TASK STATEMENT: Your task is to repeat all of the data exactly while excluding the pictures.

##### SUPPLIED DATA #####

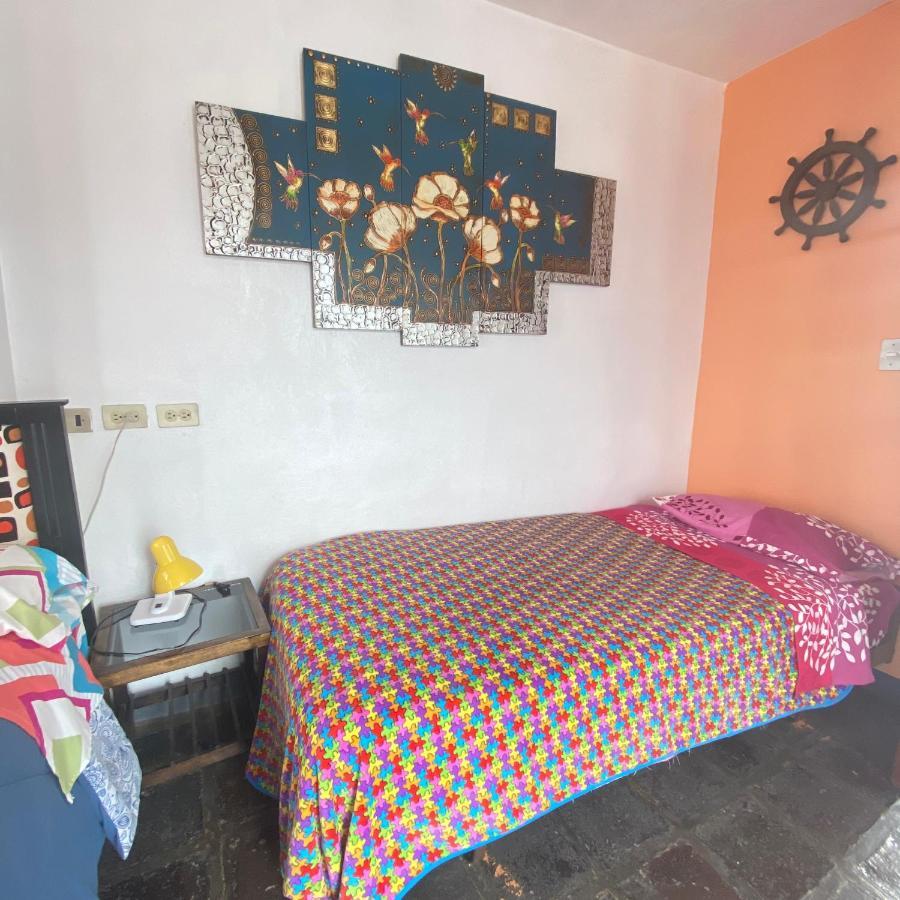 Hostal Chasqui Otavalo Exterior foto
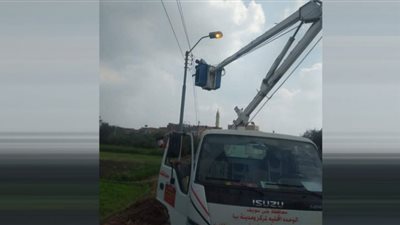 قطع الكهرباءعن بعض المناطق والقرى بمركزي بني سويف صيانة المغذيات
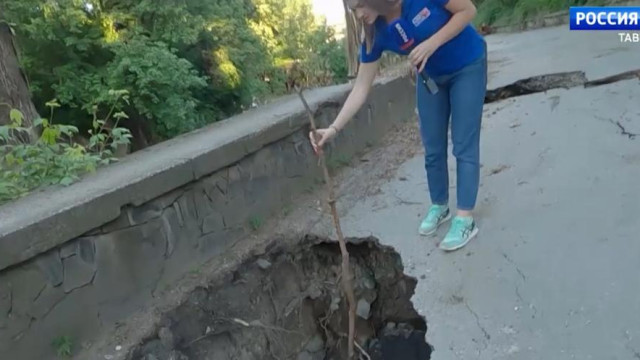 Дорога на улице Ким в Симферополе продолжает разрушаться после подтоплений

#####

SOLUTION:
 Hostal Chasqui Otavalo Exterior foto
 قطع الكهرباءعن بعض المناطق والقرى بمركزي بني سويف صيانة المغذيات
 Дорога на улице Ким в Симферополе продолжает разрушаться после подтоплений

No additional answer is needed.